De Franse investeringsmaatschappij PAI Partners heeft bij de overname van lingerieketen Hunkemöller een fiscale constructie opgezet. Deze heeft als enige doel om geen belasting te betalen, dat oordeelt het gerechtshof Amsterdam. Dat schrijft het FD.
Van winstgevend naar verlieslatend
De aandeelhouderslening die PAI in 2011 gebruikte voor de overname van Hunkemöller was volgens het hof ‘nutteloos’. De lening bedroeg 61,4 miljoen euro. De rentelasten voor het winkelbedrijf zouden over de volle looptijd uitkomen op 8,1 miljard euro, doordat de lingerieketen rente op rente verschuldigd was. De hoge rente zorgde ervoor dat de winstgevende keten voor de fiscus verlieslatend werd.
Fraus Legis
Het Amsterdamse hof heeft een streep gezet door de renteaftrek. De raadsheren oordelen dat PAI zich schuldig heeft gemaakt aan ‘fraus legis’, ofwel: misbruik van het recht. De manier waarop het private equityhuis de overname van Hunkemöller financierde, was volgens het hof uitsluitend bedoeld om belasting te besparen en daarmee strijdig met het doel en de strekking van de wet.
Belastingontwijking
De leningen kwamen bovendien uit Frankrijk. De betaalde rente werd daar niet belast. Tegenover de renteaftrek in Nederland, stond in Frankrijk dus geen belasting op rente-inkomsten. Op deze manier werd belasting ontweken, stelde het hof vast. Over de eerste drie boekjaren na de overname wilde Hunkemöller in totaal ruim 27 miljoen euro rente aftrekken. Dit bedrag loopt PAI nu mis.
Hunkemöller doorverkocht
PAI heeft Hunkemöller in 2016 doorverkocht aan de Amerikaanse investeringsmaatschappij Carlyle. Daarmee kwam een eind aan de aandeelhouderslening. De risico’s van de procedure met de fiscus zijn na verkoop aan Carlyle bij PAI gebleven, staat in het laatste jaarverslag van Hunkemöller.

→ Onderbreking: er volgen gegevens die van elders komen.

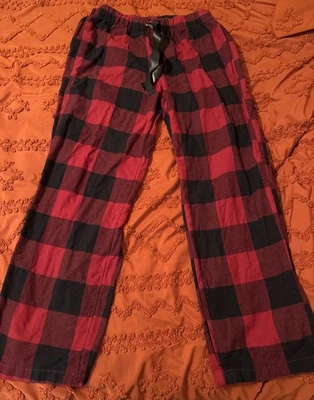 Pantalones de pijama Magellan para mujer rojos y negros a cuadros con bolsillos talla GRANDE Foto 1 de 4
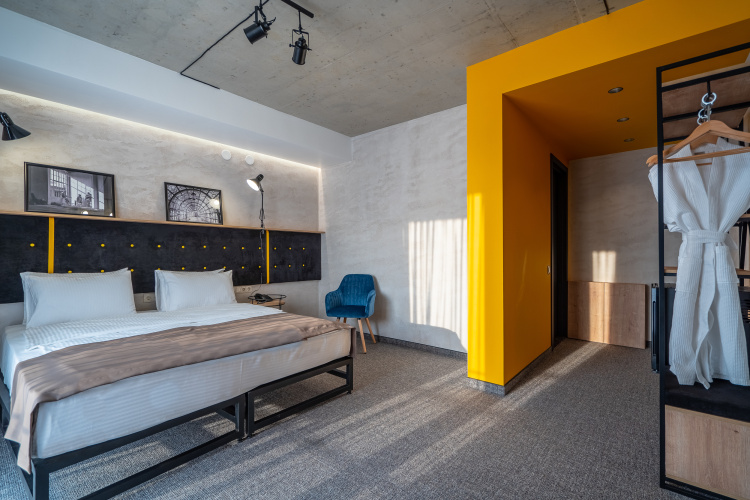 Double Suite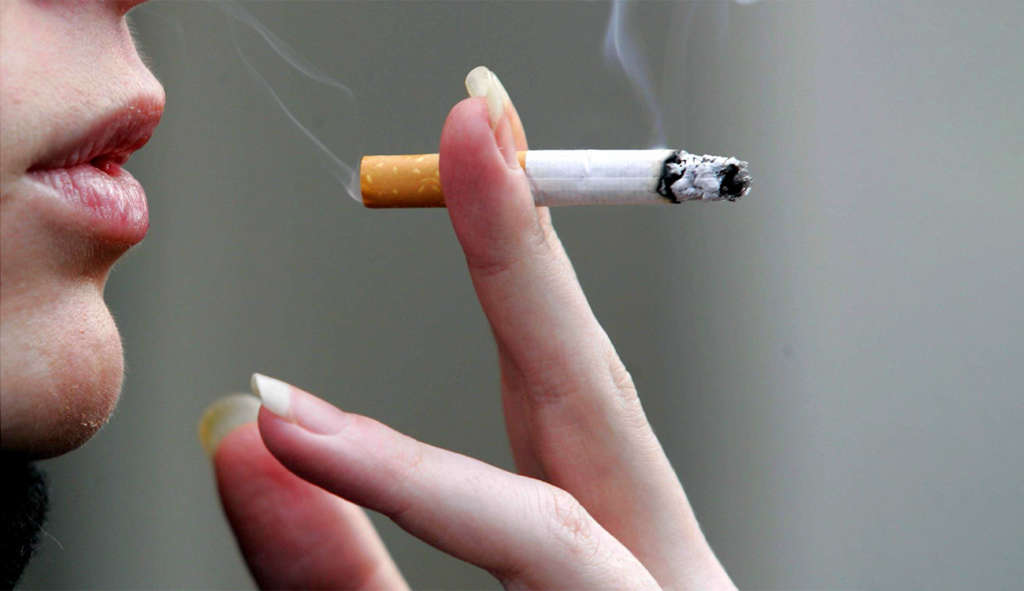 Avoir des parents fumeurs augmente la probabilité de fumer à un très jeune âge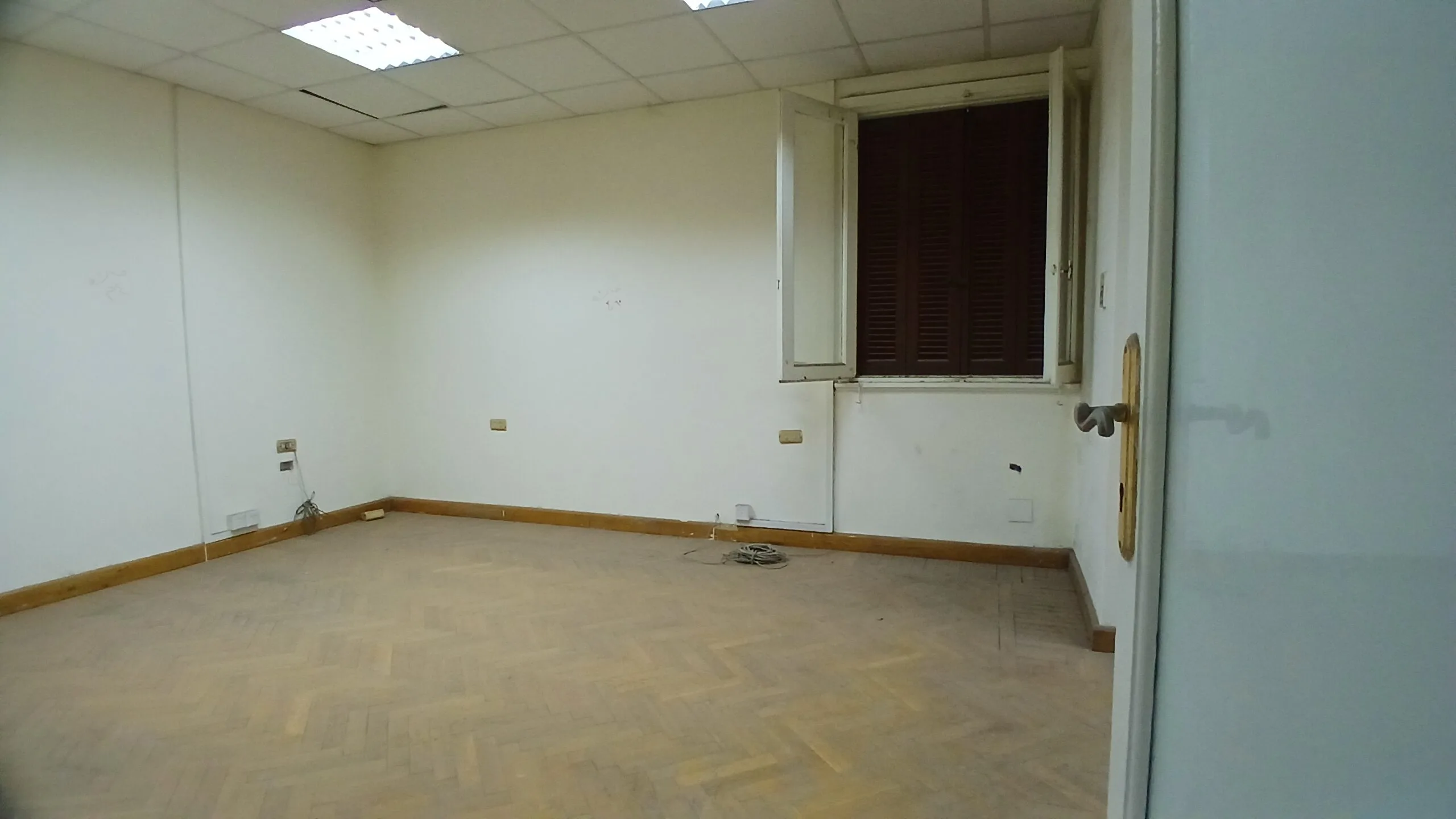 Apartment for sale in Southern Zamalek, 220 sqm, registered, and located just 5 minutes from the Nile—an excellent opportunity for administrative (9) شقة للبيع فى الزمالك القلبية 220م مسجلة وتبعد 5 دقائق فقط عن النيل (للإستثمار الإداري المتميز ) .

Fiscus heeft het wapen in handen
Belastingadviseur Theo Koelman stelt tegen FD dat de fiscus de belastingaanslagen van andere bedrijven, die in handen zijn van private equity, nog eens tegen het licht gaat houden. Het Amsterdamse hof geeft de Belastingdienst namelijk een wapen in handen om op te treden tegen agressieve belastingplanning. De belastingplichtige moet nu bewijzen dat de aandeelhouderslening een zakelijke lening was. In eerdere rechtszaken gold het omgekeerde en moest de fiscus bewijzen dat een structuur onzakelijk was.
In cassatie tegen de uitspraak
Fiscalisten hopen en rekenen erop dat Hunkemöller bij de Hoge Raad in cassatie gaat tegen de uitspraak van het gerechtshof. Omdat het om een principiële kwestie gaat, zou de hoogste Nederlandse rechter in belastingzaken helderheid moeten verschaffen over de reikwijdte van het begrip fraus legis.